• [EXERCISE GOAL]:
Look below for the line containing "Top Cortininha Rolotê", then write out that line and every line after it to the end, exactly, minus the pictures.

:: RECORD EXTRACTS ::

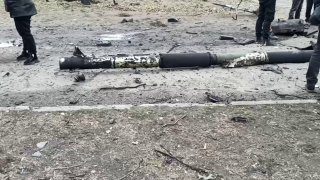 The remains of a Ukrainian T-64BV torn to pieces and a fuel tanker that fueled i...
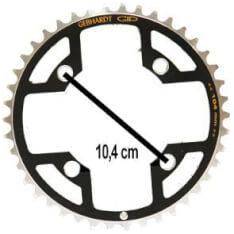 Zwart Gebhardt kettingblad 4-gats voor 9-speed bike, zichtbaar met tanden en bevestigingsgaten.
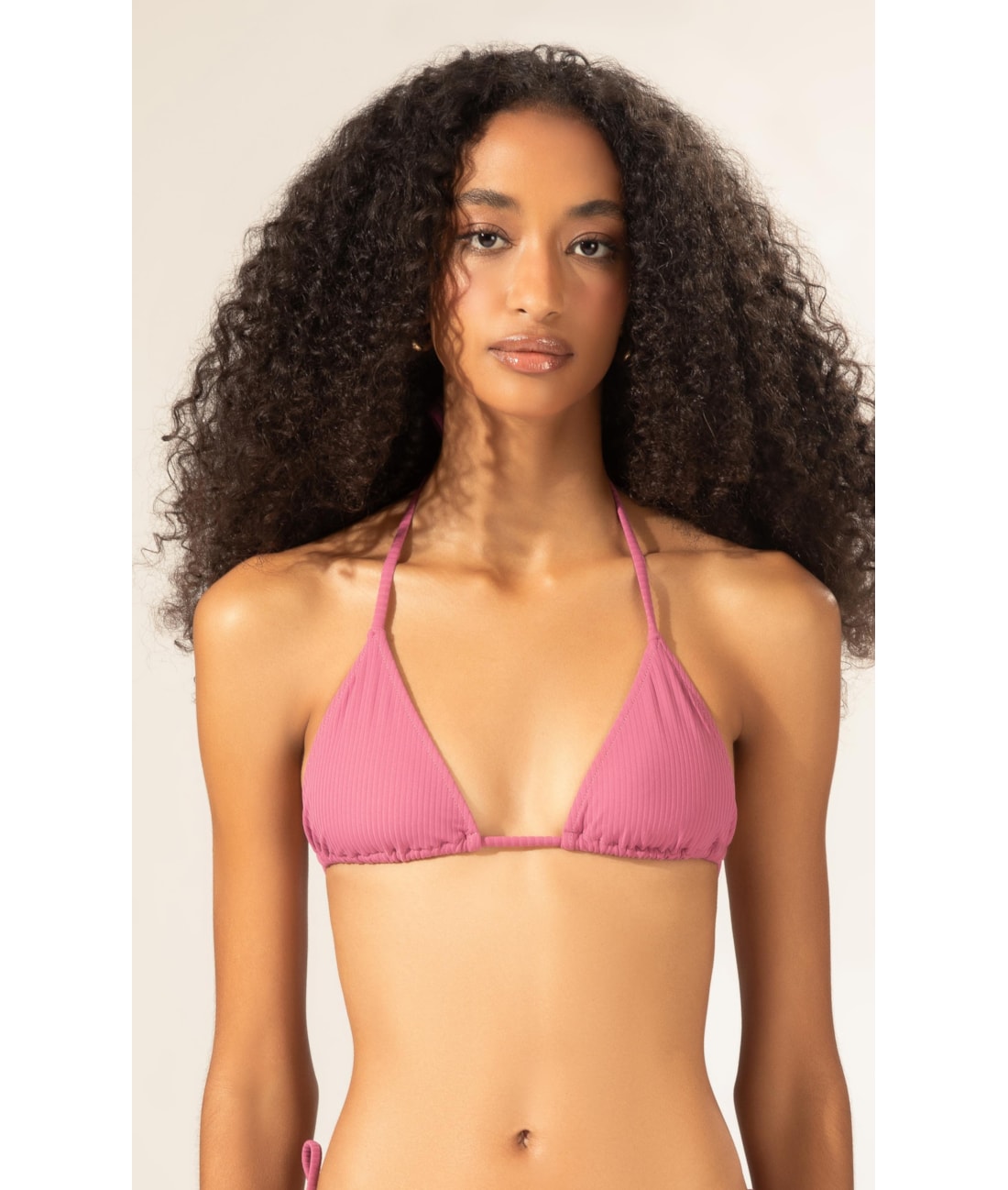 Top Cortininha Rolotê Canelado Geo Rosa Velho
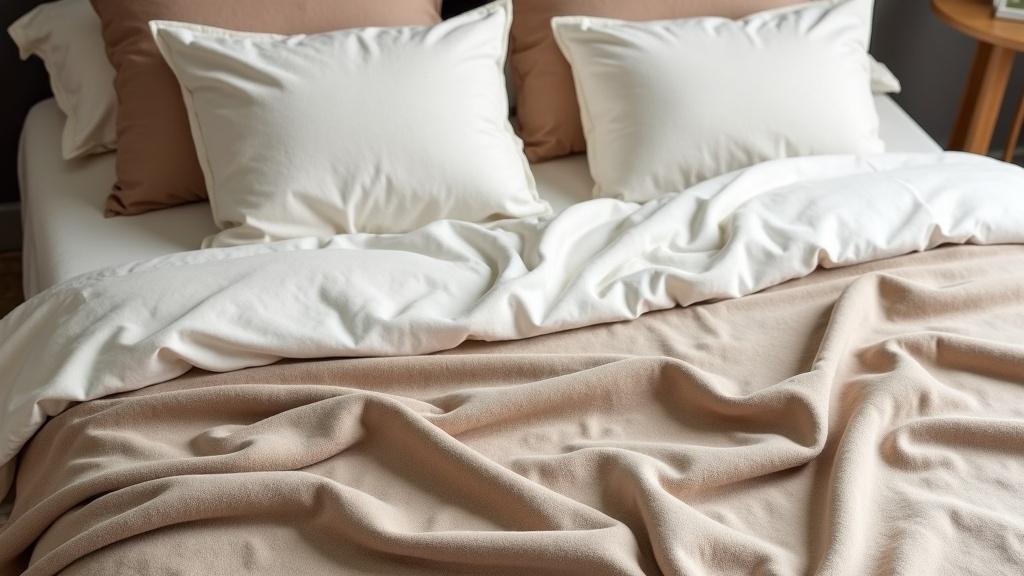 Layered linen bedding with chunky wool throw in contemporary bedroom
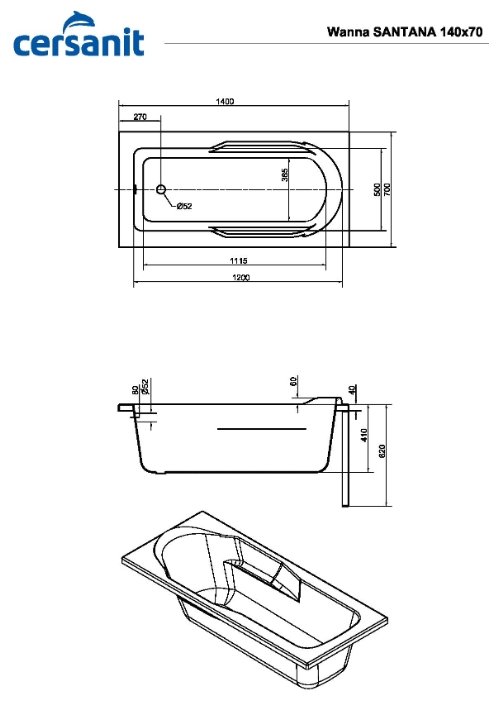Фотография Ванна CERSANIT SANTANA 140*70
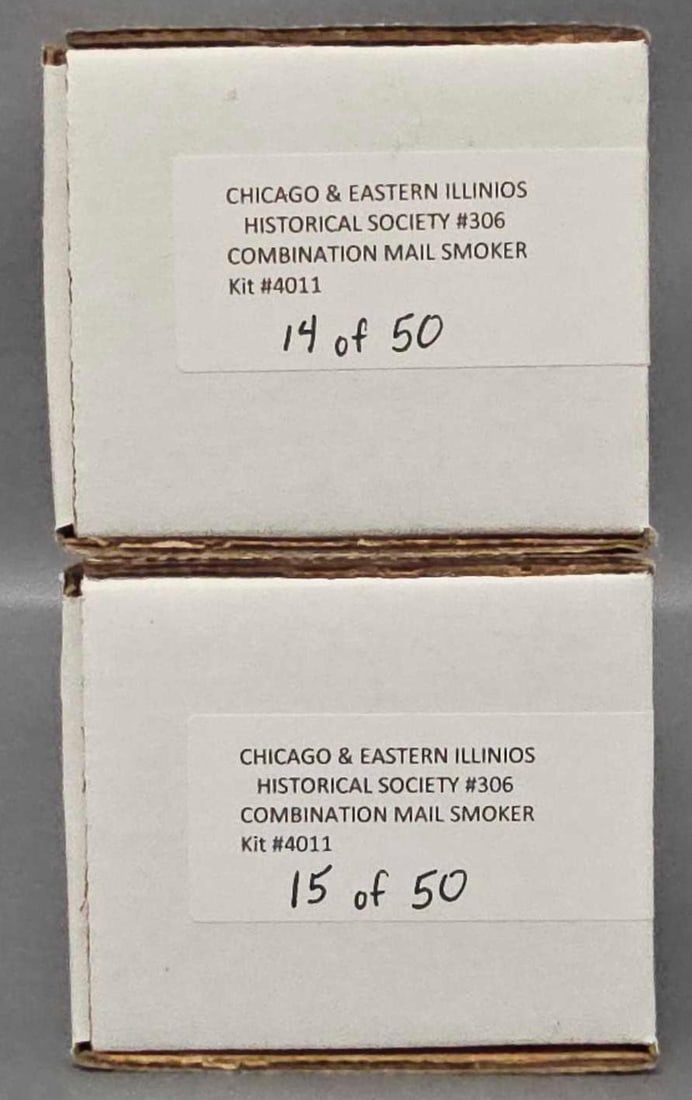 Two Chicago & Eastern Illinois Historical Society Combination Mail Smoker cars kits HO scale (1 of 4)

:::

• [TASK OUTPUT]:
 Top Cortininha Rolotê Canelado Geo Rosa Velho
 Layered linen bedding with chunky wool throw in contemporary bedroom
Фотография Ванна CERSANIT SANTANA 140*70
 Two Chicago & Eastern Illinois Historical Society Combination Mail Smoker cars kits HO scale (1 of 4)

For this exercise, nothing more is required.